In 2019 more than half of our debit card payments became contactless; the technology has certainly changed how we pay but it is also changing how we give away.

For years, the fundraising landscape has been shifting – we have seen an increase in giving time over money, a focus on the value exchange, and a rise in the considered giver. Alongside these changes has been the impact of finance technology on how we carry and handle our money. Over 70% of charities are saying that bucket shaking and street sign ups are failing to retain their previous donation values because people do not carry enough cash anymore. In fact in the UK alone, it is expected that cash will account for only 21% of purchases by 2026. Meaning the ability to rummage around our pockets for loose change as we are asked on the street to give is becoming a thing of the past. 

That’s a good thing. On a neural level, it ‘hurts’ to handle and part with cash, but we’ll happily pass on tokens or virtual money. It’s why casinos use chips, and why Apple, Amazon and others have enjoyed such success with gift cards. It works at the checkout too – if you’ve been asked at your self-service till to ‘round up’ your basket total with a charity donation, you probably agreed without agonising over the issue. 

Charities face a financial quandary

Despite all the signs pointing towards digital payments, and many charities talking about transformation in fundraising, we have still sensed a nervousness from charities to not only begin their contactless journey but to champion it for the solution it might just be. 

There is a significant obstacle to overcome first: the new contactless technology requires investment, and charities are already under the spotlight when it comes to spending scrutiny. It’s not a barrier, however. The answer is having a strong ROI argument to help justify costs and support funding. But whilst we can all see the requirement emerging, innovative campaigns to date have had varying success and understandably it’s a hard measure when you consider different cause values, different demographic audiences and the creative implementation of such technology. 

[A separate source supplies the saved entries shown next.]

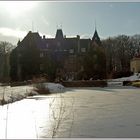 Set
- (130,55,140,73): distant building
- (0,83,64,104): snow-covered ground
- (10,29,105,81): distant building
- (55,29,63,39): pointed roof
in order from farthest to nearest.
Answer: (55,29,63,39): pointed roof < (130,55,140,73): distant building < (10,29,105,81): distant building < (0,83,64,104): snow-covered ground

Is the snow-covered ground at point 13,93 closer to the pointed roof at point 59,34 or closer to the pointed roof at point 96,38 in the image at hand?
the pointed roof at point 96,38

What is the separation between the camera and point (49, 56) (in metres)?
78.1

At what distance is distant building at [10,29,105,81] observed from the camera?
64.6 meters

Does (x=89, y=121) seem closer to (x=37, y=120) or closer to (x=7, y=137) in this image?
(x=37, y=120)

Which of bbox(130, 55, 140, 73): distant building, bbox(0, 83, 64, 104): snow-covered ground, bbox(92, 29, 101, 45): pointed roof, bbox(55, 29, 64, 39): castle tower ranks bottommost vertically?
bbox(0, 83, 64, 104): snow-covered ground

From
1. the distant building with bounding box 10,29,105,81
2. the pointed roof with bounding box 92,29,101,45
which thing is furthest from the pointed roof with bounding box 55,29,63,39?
the pointed roof with bounding box 92,29,101,45

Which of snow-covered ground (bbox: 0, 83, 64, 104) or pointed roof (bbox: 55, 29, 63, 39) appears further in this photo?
pointed roof (bbox: 55, 29, 63, 39)

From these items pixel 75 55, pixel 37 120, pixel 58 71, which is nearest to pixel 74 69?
pixel 58 71

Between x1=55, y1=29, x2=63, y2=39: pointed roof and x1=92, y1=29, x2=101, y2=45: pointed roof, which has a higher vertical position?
x1=55, y1=29, x2=63, y2=39: pointed roof

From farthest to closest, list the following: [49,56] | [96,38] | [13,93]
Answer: [96,38] → [49,56] → [13,93]

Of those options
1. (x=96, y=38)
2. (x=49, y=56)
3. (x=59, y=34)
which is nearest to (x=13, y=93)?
(x=49, y=56)

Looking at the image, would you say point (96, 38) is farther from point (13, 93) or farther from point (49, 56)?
point (13, 93)

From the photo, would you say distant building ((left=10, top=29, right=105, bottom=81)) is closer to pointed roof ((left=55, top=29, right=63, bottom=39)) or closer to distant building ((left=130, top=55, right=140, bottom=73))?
pointed roof ((left=55, top=29, right=63, bottom=39))

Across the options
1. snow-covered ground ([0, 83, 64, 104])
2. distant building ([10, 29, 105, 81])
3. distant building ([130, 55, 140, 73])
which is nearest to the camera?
snow-covered ground ([0, 83, 64, 104])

In the last few years we have seen some inspiring and successful implementations, and whilst they are not all charity based they demonstrate an adoption rate and also lay the path in terms of approaches to success. 

These charities are contactless innovators

In the charity sector we have seen a number of smart media implementations for the technology;

  • Blue Cross developed wearable contactless coats for their four legged friends, essentially creating ‘tap dogs’ 
  • Dutch agency (N=5) installing contactless technologies in coats they give away to the homeless allowing donations to be made on the street (of which the value could only be reclaimed in the shelter shop)
  • And Cancer Research UK fight against cancer tap and donate shop windows with an interactive reward for donations 
  • A pilot collaboration between Charities Aid Foundation and Visa Europe for Save the Children placed contactless payment terminals in coffee shops, tube stations and venues across London. At Costa Coffee, 20% of those who paid with contactless also made a donation. 

And media owners are quickly catching up with the demand and creating various innovative and interactive solutions alongside more traditional Out of Home and Point of Sale media. Entire enterprises such as Goodbox have been set up to create and install contactless technologies into charities’ giving channels. 

But whatever the reason, it feels like we are not seeing adoption as quickly as we would imagine. And whilst we know there is a hesitation from an investment point of view, we also ponder the challenge from a journey and connection point of view. 

How to retain the emotional value of giving cash

In some implementation approaches, the bucket shaker themselves is removed entirely, and gone with them are their uniforms, stories and passion. To make the most of the contactless giving we have to implement it at points of ease and relevance in the audience journey, but we also need to ensure the implementation continues to have the same core motivation shown in its messaging – why give.

Luckily, that chimes with the question many charities are asking themselves anyway. Is charity giving an issue of wellbeing for the donor, rather than a target achieved for the fundraiser? It’s especially important for those charities raising money towards a finishing line that will never be reached. Many charities are embracing the notion that giving is about satisfying a personal need to play a more meaningful role in the world. Appealing to these donors will focus more on the intangible benefits of giving rather than the actual ‘cost’. To that end, contactless donations take away the cash as hero and allow charities to focus on the sentiment. 

We may have made it easier to give, but we cannot forget to tell you why to give.